Les réseaux sociaux sont capables du meilleur comme du pire. S’ils aident certains à s’accepter, d’autres subissent de plein fouet les innombrables photos d’influenceurs au physique de rêve et les commentaires haineux dont ils font l’objet sur leur propre profil.

Dans un reportage réalisé par Les Hauts-Parleurs, Nina, jeune photographe, raconte son expérience pas toujours heureuse des réseaux sociaux. « Je voyais plein de nanas qui étaient anorexiques. Ça influence vachement », dit-elle.

Nina
Nina se confie sur son expérience des réseaux sociaux

Même chose du côté de Camille devenue très complexée par sa poitrine généreuse. « Instagram ça m’a fait vachement complexer. Dès que je mettais une photo de moi j’avais l’impression qu’on voyait que mon décolleté, que j’étais une paire de seins quoi. Alors que toutes ces filles filiformes, elles pouvaient s’exhiber en maillot de bain sans qu’on leur dise rien du tout », témoigne-t-elle.

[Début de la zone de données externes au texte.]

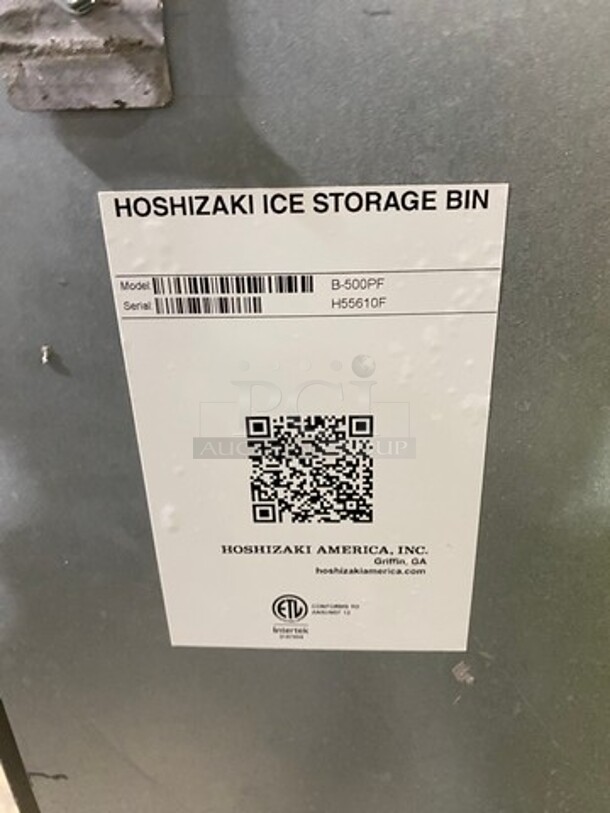 Hoshizaki Commercial Ice Making Machine! On Commercial Ice Bin! All Stainless Steel! On Legs! Model: KM901MRJ SN: H20872K 208/230V 60HZ 1 Phase - Image 7 of 11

Et c’est bien là le problème. Si les réseaux sociaux influencent notre perception du corps, c’est qu’ils nous forcent à nous voir à travers le regard des autres, un regard pas toujours bienveillant et bien placé. En témoigne la petite anecdote d’Emma, étudiante, à ce sujet. « Une fois j’avais mis une photo sur Instagram où j’étais sur une moto. Et la seule chose qui est ressortie tout le temps c’est que j’avais mes fesses en gros plan sur le truc. C’est le seul commentaire qui est revenu à chaque fois. Je m’attendais pas trop à ça donc ça m’a fait un peu drôle ».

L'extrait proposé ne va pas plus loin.